### Data records
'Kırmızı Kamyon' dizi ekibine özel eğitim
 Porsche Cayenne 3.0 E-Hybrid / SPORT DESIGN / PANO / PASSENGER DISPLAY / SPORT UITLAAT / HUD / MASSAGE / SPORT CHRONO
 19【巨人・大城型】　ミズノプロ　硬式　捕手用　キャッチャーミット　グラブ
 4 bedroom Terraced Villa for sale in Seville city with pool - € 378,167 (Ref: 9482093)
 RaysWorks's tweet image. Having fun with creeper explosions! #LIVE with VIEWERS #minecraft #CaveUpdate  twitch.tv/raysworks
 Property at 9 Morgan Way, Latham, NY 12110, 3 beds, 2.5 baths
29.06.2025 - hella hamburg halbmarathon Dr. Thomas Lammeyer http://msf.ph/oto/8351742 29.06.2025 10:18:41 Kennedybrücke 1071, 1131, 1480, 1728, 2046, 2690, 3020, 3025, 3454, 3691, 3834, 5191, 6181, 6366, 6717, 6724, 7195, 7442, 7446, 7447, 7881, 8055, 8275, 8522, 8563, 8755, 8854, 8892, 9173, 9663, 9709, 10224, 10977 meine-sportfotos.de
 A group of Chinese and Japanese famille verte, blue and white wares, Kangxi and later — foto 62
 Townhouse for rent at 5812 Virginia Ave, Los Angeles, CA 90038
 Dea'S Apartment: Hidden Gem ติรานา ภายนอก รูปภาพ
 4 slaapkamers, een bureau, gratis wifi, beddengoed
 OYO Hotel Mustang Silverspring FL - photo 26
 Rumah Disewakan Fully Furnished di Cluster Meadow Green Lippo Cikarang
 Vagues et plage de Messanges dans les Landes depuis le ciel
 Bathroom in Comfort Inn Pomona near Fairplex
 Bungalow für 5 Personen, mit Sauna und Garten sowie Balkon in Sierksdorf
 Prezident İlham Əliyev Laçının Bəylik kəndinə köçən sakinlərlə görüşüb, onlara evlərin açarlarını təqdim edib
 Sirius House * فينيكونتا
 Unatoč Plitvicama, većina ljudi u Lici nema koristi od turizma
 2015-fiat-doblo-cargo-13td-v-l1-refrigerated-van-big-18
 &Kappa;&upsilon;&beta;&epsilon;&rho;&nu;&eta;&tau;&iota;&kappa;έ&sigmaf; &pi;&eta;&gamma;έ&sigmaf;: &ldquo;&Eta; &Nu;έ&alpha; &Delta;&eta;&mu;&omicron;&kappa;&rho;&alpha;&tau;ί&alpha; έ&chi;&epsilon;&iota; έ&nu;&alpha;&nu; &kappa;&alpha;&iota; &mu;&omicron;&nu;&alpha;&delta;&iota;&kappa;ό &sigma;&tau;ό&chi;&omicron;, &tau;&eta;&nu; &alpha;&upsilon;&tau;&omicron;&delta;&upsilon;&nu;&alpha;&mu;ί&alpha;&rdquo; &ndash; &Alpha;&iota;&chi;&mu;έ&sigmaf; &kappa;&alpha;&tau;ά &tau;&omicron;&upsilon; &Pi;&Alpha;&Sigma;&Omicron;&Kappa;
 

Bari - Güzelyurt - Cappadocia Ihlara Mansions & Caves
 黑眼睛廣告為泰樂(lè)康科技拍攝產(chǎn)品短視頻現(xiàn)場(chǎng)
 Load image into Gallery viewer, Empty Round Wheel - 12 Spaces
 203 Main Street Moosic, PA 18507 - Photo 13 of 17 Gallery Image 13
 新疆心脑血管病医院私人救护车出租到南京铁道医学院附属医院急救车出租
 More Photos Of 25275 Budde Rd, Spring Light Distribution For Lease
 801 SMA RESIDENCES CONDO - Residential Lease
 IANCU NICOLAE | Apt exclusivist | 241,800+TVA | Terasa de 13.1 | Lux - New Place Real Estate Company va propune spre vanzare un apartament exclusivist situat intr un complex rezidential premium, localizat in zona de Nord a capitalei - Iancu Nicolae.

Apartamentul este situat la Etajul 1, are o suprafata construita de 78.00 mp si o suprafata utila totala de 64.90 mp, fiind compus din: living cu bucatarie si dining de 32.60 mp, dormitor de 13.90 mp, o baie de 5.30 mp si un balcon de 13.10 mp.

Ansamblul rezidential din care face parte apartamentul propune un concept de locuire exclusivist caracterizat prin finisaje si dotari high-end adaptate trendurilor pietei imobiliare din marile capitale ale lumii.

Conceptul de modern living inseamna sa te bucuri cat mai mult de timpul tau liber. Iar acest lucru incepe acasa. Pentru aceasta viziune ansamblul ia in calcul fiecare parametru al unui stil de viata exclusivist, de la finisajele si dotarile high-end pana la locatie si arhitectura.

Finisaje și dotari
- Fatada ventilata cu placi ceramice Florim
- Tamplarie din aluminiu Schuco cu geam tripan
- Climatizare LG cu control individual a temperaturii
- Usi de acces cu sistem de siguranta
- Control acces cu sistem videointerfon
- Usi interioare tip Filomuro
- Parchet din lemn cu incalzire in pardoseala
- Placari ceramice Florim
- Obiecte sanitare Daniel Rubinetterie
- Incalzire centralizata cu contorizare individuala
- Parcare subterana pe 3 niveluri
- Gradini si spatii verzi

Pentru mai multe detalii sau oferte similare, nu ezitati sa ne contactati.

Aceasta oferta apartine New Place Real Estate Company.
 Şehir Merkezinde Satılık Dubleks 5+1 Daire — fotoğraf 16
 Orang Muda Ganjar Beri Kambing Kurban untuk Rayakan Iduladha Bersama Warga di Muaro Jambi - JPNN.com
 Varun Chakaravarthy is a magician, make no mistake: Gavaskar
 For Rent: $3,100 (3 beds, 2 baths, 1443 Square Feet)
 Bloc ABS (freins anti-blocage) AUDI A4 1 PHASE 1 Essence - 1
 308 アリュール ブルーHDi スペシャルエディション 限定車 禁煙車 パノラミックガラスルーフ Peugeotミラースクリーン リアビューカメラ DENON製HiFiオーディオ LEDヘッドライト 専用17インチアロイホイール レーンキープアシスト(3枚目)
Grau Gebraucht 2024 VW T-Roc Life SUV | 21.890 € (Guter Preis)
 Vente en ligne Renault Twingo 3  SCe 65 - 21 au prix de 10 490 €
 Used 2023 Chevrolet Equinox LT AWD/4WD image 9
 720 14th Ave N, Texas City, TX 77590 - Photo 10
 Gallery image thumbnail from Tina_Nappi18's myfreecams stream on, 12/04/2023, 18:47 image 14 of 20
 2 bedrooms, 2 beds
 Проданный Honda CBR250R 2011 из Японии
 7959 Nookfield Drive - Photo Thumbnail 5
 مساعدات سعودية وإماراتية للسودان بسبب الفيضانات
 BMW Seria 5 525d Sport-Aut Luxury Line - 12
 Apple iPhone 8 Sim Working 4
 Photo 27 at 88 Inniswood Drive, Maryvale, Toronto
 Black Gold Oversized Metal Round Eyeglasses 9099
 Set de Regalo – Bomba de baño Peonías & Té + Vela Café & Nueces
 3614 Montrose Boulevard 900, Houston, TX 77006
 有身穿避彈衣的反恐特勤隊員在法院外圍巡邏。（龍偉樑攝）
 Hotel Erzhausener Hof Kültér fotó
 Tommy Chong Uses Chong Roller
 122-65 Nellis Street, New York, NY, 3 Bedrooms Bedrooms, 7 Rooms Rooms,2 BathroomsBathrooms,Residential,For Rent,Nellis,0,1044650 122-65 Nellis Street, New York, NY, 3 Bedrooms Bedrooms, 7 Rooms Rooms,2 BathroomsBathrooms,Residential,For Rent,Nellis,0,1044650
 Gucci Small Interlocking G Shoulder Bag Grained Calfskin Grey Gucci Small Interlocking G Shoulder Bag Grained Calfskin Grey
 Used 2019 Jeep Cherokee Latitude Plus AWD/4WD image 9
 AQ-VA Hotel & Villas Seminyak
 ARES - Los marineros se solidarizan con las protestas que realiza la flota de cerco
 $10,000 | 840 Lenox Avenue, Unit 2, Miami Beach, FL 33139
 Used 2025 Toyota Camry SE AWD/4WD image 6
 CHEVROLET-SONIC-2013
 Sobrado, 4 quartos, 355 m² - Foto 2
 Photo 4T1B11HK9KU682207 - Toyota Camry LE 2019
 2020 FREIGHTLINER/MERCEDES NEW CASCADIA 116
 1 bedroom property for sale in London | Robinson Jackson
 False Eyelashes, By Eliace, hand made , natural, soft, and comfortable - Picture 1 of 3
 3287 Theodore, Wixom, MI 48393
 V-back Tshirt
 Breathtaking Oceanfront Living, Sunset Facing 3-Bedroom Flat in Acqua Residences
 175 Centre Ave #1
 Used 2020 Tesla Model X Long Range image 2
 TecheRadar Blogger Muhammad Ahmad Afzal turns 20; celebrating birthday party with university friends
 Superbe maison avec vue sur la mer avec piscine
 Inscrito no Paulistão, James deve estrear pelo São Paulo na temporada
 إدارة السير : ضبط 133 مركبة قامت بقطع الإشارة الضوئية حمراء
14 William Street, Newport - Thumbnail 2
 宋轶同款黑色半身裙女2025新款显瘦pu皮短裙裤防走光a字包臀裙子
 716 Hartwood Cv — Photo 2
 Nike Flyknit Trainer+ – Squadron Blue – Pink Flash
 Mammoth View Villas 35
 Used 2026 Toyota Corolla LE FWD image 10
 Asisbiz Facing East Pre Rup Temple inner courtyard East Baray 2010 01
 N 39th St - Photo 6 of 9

### Work request
In your answer, include only the lines above starting at the line that holds "有身穿避彈衣的反恐特勤隊員在法院外圍巡邏。（龍偉樑攝）" and ending at the line that holds "Used 2019 Jeep", copied exactly.

### Result
 有身穿避彈衣的反恐特勤隊員在法院外圍巡邏。（龍偉樑攝）
 Hotel Erzhausener Hof Kültér fotó
 Tommy Chong Uses Chong Roller
 122-65 Nellis Street, New York, NY, 3 Bedrooms Bedrooms, 7 Rooms Rooms,2 BathroomsBathrooms,Residential,For Rent,Nellis,0,1044650 122-65 Nellis Street, New York, NY, 3 Bedrooms Bedrooms, 7 Rooms Rooms,2 BathroomsBathrooms,Residential,For Rent,Nellis,0,1044650
 Gucci Small Interlocking G Shoulder Bag Grained Calfskin Grey Gucci Small Interlocking G Shoulder Bag Grained Calfskin Grey
 Used 2019 Jeep Cherokee Latitude Plus AWD/4WD image 9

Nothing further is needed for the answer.